DIRECTIONS: Only lines containing the string "Sierra" belong in the answer; copy all of them from the entries.

TASK INPUTS:
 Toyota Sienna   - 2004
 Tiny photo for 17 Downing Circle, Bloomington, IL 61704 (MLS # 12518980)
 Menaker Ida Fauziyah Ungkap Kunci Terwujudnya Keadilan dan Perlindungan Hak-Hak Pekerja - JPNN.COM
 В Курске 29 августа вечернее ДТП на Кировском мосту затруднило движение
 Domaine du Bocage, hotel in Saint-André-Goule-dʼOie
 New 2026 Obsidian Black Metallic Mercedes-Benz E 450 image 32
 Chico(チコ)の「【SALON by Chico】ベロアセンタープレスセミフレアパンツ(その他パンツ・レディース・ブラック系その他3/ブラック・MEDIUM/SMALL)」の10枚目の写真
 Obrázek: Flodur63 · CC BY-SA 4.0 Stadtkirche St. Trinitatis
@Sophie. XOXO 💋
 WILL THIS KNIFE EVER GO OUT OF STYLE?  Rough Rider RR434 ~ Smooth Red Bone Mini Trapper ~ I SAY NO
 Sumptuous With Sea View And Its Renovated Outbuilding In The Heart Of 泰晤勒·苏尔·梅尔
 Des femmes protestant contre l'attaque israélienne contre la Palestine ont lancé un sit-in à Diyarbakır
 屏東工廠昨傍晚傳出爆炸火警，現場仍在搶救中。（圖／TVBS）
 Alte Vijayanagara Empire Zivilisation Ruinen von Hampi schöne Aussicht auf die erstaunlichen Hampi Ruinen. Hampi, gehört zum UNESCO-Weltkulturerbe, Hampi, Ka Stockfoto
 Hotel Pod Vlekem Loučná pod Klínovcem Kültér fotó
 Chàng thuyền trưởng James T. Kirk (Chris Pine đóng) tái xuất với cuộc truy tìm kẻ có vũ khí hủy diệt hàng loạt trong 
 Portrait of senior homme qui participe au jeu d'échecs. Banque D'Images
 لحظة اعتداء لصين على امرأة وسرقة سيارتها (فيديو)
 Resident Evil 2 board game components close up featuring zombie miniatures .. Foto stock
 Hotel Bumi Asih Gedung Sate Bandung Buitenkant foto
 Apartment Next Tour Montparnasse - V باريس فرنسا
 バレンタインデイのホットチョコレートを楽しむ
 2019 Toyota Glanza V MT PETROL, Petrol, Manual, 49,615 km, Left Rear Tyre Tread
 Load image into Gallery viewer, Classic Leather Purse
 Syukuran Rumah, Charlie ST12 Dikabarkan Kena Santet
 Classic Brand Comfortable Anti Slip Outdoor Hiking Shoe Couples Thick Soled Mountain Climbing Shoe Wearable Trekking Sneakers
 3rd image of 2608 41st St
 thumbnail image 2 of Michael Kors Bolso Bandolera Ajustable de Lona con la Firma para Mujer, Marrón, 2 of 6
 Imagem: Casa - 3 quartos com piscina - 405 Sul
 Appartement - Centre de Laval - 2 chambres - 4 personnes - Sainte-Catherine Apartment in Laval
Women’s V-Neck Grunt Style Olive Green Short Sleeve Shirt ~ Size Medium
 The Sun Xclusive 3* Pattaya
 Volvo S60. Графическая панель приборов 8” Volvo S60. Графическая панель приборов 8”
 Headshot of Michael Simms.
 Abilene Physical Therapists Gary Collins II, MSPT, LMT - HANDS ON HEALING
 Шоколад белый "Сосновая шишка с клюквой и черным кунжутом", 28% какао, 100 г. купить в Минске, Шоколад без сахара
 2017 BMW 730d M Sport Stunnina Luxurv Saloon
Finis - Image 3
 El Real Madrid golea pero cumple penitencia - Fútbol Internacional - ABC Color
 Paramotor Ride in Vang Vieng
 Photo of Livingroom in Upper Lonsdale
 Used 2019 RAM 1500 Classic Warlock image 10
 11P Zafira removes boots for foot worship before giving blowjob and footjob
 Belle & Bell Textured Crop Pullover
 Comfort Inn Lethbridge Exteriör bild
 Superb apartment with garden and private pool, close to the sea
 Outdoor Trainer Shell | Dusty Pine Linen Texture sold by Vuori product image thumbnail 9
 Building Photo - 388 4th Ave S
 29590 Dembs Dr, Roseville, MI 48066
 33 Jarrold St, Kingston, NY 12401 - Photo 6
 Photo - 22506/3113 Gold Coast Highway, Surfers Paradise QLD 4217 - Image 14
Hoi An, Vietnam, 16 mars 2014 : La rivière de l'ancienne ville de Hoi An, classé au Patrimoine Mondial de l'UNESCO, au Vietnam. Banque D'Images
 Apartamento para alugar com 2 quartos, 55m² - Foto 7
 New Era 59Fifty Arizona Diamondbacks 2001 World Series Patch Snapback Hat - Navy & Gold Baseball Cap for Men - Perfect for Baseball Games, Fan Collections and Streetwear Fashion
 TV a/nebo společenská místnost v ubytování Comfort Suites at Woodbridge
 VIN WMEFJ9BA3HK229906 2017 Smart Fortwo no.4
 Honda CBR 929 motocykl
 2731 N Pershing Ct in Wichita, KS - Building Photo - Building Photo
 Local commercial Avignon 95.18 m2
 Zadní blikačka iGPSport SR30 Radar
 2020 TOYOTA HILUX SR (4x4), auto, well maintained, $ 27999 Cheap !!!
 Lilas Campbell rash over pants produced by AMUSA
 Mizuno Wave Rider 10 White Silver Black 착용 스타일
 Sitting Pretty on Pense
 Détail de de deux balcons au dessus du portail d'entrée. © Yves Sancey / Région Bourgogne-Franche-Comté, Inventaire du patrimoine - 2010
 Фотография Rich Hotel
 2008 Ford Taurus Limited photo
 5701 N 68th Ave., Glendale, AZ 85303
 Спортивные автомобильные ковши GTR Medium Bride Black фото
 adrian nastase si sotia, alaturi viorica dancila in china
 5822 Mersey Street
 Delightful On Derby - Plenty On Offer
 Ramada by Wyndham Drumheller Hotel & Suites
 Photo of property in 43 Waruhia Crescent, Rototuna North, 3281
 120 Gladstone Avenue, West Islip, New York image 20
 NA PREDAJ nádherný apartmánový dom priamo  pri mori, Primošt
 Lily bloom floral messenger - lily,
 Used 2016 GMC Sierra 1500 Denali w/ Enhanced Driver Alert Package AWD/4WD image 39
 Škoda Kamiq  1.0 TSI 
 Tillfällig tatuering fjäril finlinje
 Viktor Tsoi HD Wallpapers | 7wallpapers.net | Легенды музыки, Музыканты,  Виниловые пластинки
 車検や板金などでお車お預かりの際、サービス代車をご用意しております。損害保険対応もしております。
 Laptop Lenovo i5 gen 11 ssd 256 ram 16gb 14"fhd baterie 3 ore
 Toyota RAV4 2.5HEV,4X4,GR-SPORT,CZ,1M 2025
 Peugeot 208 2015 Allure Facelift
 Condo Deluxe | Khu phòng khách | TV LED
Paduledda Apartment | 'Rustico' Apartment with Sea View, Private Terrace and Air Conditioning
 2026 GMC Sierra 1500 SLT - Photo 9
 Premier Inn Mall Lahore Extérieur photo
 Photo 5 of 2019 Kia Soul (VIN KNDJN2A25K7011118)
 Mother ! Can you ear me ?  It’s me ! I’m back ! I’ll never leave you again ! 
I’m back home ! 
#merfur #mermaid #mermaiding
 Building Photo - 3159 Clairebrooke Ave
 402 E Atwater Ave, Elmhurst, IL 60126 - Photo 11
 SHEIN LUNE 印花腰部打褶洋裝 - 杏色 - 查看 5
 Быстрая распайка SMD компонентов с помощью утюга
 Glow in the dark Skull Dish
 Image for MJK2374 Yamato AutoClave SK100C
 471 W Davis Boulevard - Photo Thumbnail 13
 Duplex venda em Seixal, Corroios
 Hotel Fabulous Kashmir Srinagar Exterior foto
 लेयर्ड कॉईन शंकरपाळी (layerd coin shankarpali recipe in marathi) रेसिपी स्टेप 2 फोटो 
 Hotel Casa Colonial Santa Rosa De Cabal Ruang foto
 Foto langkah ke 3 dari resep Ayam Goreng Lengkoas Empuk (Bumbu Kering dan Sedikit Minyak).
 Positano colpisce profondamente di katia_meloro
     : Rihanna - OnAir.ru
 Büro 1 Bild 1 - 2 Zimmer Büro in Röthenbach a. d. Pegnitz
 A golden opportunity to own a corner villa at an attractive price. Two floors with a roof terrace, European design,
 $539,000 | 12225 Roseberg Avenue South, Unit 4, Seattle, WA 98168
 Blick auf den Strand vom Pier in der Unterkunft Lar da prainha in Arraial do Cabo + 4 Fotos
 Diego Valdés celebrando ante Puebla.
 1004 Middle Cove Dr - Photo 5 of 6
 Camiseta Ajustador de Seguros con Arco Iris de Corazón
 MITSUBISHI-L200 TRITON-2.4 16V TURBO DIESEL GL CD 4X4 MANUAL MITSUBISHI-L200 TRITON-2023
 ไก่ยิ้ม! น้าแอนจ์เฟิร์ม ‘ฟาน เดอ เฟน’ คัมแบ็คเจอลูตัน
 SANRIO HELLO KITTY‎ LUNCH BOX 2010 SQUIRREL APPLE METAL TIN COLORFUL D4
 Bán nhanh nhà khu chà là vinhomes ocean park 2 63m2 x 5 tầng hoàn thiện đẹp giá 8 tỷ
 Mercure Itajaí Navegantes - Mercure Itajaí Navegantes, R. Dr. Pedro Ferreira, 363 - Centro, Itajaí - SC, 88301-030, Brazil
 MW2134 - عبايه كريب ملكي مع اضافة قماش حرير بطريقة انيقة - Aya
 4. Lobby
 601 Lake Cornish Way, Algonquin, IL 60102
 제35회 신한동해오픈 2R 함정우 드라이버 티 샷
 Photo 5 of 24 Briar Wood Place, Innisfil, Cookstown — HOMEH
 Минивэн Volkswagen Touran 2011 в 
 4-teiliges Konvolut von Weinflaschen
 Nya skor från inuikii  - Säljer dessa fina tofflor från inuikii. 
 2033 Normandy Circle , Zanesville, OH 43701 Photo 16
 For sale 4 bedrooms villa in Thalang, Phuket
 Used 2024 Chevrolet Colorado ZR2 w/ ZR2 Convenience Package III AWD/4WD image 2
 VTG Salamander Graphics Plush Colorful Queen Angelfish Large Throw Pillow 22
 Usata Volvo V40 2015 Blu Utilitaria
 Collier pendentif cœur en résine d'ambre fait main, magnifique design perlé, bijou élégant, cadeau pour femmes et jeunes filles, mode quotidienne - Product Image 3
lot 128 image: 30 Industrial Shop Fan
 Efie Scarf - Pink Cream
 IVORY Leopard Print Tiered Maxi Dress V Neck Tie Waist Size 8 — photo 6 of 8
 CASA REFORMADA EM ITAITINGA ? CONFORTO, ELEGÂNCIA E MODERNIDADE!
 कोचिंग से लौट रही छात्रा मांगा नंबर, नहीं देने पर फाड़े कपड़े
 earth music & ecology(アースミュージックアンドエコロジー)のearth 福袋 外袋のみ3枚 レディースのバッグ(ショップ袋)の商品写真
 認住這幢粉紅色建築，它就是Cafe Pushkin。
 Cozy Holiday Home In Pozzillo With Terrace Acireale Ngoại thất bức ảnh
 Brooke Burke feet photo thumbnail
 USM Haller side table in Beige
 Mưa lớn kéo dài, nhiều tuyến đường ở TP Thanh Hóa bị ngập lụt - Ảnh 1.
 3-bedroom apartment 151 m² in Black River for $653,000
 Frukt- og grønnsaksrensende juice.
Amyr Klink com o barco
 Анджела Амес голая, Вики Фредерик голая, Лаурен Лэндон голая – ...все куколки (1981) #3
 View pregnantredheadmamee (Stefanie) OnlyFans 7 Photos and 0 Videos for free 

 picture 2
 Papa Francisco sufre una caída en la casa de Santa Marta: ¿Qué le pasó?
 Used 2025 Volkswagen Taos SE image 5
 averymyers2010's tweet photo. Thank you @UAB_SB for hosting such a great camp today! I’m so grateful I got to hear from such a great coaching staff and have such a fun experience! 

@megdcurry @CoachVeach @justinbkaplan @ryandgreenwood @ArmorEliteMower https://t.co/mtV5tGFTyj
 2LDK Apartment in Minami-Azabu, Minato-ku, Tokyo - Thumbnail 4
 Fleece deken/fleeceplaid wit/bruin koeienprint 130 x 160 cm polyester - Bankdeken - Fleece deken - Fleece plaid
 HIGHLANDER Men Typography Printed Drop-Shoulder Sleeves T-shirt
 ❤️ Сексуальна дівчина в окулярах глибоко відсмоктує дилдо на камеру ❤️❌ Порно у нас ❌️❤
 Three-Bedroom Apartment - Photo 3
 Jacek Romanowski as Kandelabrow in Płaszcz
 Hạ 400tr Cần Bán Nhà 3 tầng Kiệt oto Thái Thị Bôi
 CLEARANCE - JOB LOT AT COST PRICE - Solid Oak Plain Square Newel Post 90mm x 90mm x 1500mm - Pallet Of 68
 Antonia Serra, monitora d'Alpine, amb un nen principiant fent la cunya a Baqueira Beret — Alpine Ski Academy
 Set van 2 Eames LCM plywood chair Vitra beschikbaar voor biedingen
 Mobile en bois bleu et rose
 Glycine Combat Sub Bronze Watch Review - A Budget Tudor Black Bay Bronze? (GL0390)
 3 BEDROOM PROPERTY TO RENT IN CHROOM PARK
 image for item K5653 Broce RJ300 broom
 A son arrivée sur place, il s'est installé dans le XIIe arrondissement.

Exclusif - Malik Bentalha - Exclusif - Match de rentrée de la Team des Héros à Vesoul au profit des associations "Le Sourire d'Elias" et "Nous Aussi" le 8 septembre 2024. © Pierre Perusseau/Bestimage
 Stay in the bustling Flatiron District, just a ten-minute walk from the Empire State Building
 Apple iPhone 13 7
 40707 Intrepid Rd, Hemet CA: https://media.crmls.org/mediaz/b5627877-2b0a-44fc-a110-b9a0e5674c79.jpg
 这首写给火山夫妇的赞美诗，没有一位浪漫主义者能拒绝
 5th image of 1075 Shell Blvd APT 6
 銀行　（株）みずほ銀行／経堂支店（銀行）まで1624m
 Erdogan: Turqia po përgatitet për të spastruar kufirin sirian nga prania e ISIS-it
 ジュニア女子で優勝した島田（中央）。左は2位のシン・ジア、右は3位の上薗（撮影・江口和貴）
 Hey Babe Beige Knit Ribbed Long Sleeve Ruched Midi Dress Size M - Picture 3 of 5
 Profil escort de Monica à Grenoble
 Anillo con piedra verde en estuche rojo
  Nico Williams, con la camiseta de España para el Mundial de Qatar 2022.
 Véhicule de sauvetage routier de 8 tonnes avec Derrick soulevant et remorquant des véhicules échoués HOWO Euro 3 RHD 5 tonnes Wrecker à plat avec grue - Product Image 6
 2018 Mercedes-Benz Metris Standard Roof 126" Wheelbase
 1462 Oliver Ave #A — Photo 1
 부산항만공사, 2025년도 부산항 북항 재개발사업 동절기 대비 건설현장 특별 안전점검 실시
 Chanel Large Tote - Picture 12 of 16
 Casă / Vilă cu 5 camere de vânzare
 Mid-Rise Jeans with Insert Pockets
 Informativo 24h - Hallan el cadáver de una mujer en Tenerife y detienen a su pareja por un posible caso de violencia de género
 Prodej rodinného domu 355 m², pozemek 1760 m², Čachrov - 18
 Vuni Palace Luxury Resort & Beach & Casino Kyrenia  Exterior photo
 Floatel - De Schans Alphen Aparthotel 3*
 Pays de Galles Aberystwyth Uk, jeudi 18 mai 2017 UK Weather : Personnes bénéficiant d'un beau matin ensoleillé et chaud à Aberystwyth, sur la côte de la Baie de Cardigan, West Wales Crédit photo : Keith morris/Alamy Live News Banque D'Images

RESPONSE AREA:
 Used 2016 GMC Sierra 1500 Denali w/ Enhanced Driver Alert Package AWD/4WD image 39
 2026 GMC Sierra 1500 SLT - Photo 9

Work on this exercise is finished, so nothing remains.